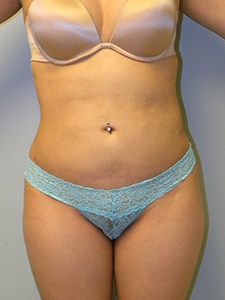 Liposuction before and after - after
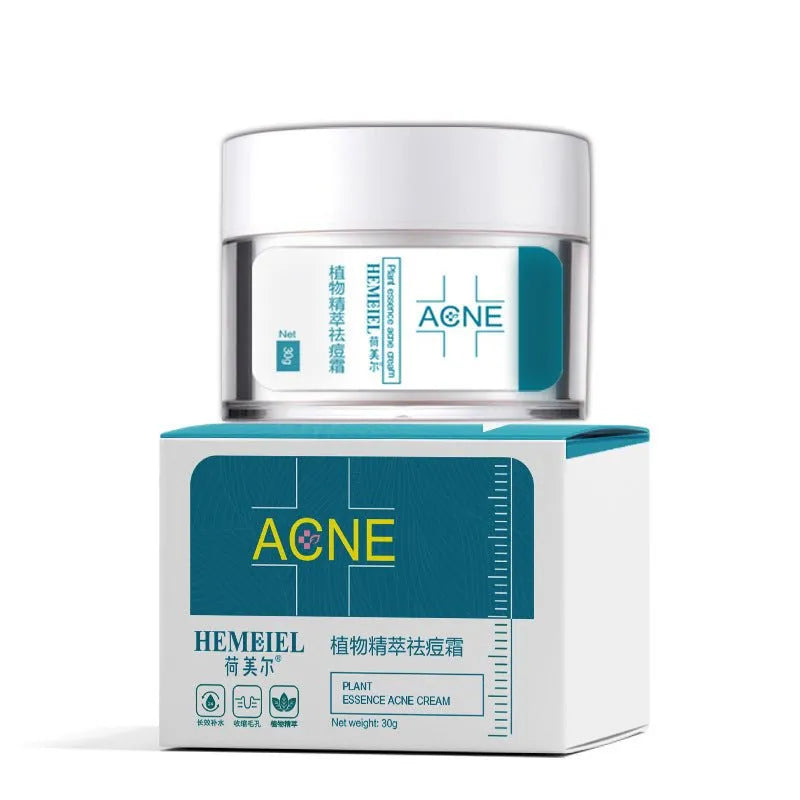 Acne Cream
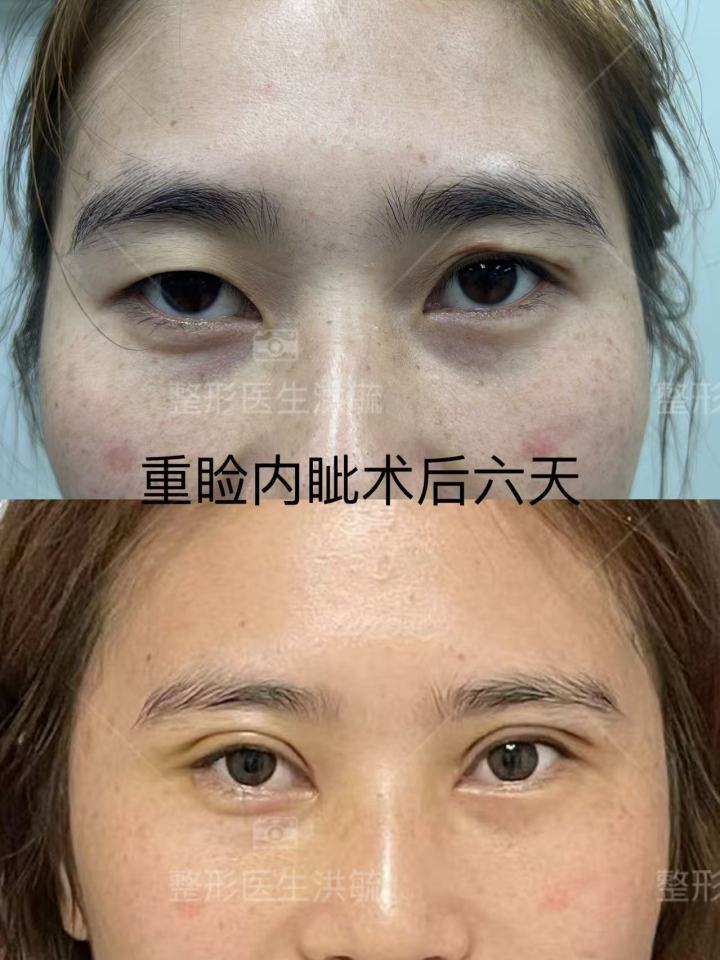术后恢复效果展示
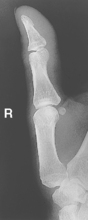 Upper Limb (Extremity) | Radiology Key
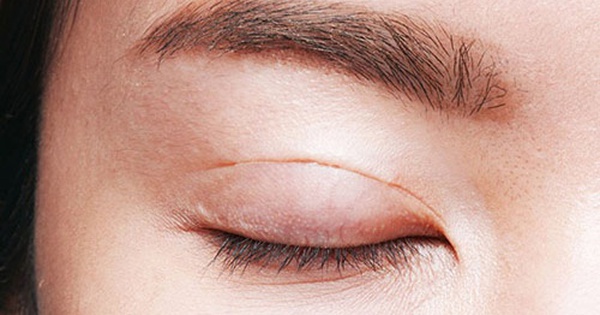 Massage mắt để từ 1 mí sáng 2 mí có hiệu quả ngay sau lần đầu thực hiện không?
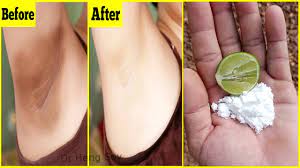Lemon is the ultimate natural bleaching agent. Whiten Dark Underarms Instantly Permanently 100 Effective At Home Youtube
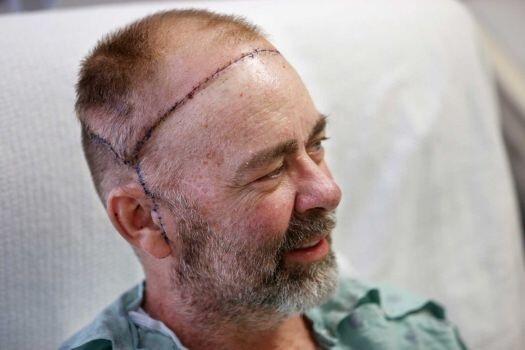Впервые в мире проведена пересадка черепа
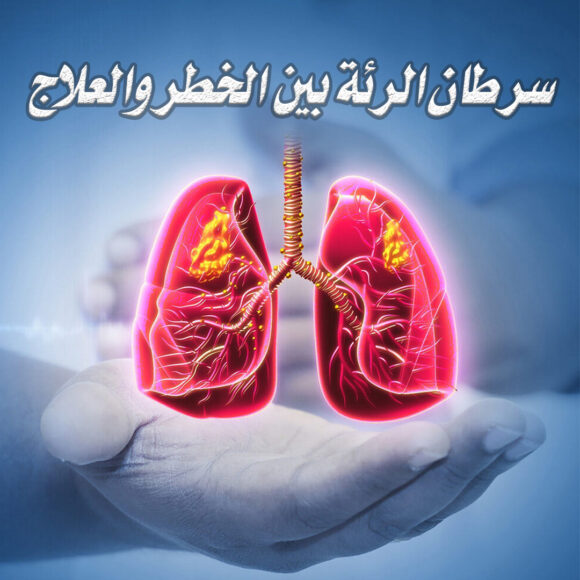 سرطان الرئة بين الخطر والعلاج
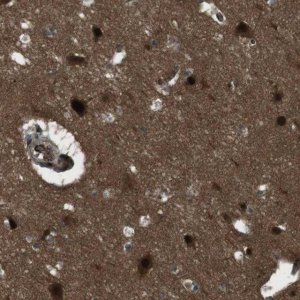 Anti-SLITRK5 antibody produced in rabbit 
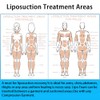 4 Pack Lipo Foam - Post Surgery Ab Board for
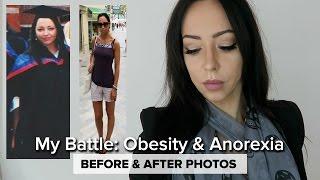 MY STORY | Anorexia & Obesity Journey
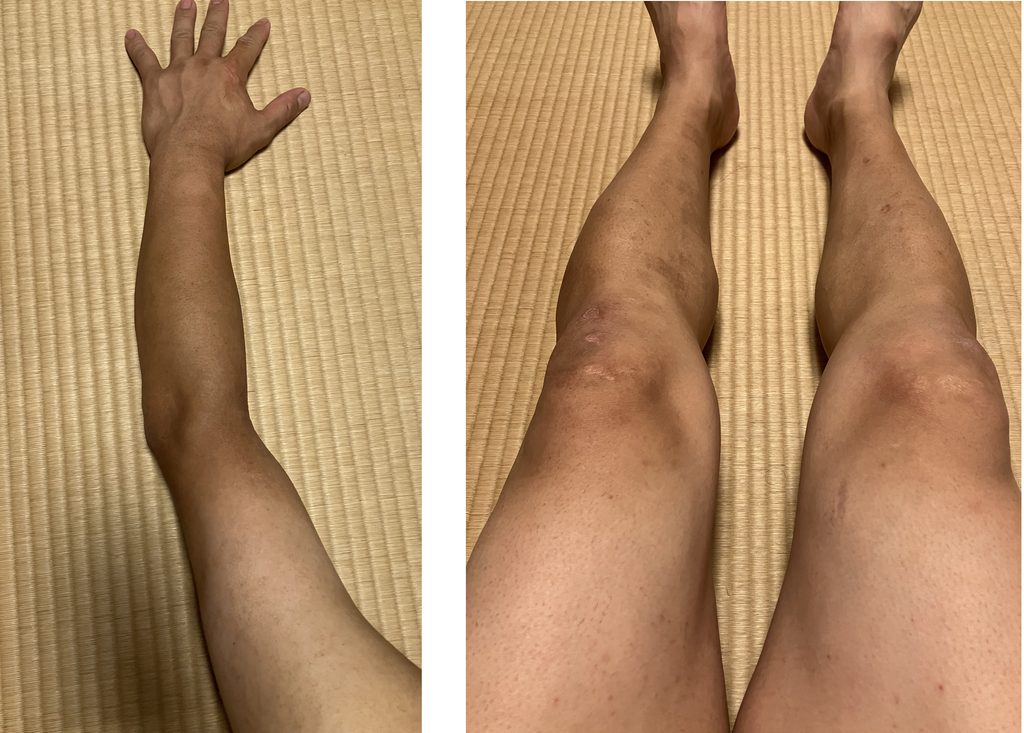 ケノン3回目レベル7照射直後の左腕と両下肢の肌の状態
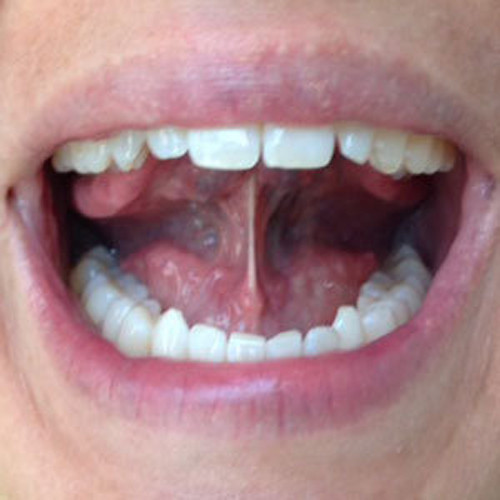 Bài 4. Ấn lưỡi trên vòm miệng. Đặt lưỡi lên vòm miệng và ấn lưỡi vào vòm miệng càng mạnh càng tốt. Lặp đi lặp lại 20 lần để có thể ngăn chặn ngủ ngáy.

++++++++

Everything in the records above must be repeated exactly, apart from the pictures.

 Liposuction before and after - after
 Acne Cream
术后恢复效果展示
 Upper Limb (Extremity) | Radiology Key
 Massage mắt để từ 1 mí sáng 2 mí có hiệu quả ngay sau lần đầu thực hiện không?
Lemon is the ultimate natural bleaching agent. Whiten Dark Underarms Instantly Permanently 100 Effective At Home Youtube
Впервые в мире проведена пересадка черепа
 سرطان الرئة بين الخطر والعلاج
 Anti-SLITRK5 antibody produced in rabbit 
 4 Pack Lipo Foam - Post Surgery Ab Board for
 MY STORY | Anorexia & Obesity Journey
 ケノン3回目レベル7照射直後の左腕と両下肢の肌の状態
 Bài 4. Ấn lưỡi trên vòm miệng. Đặt lưỡi lên vòm miệng và ấn lưỡi vào vòm miệng càng mạnh càng tốt. Lặp đi lặp lại 20 lần để có thể ngăn chặn ngủ ngáy.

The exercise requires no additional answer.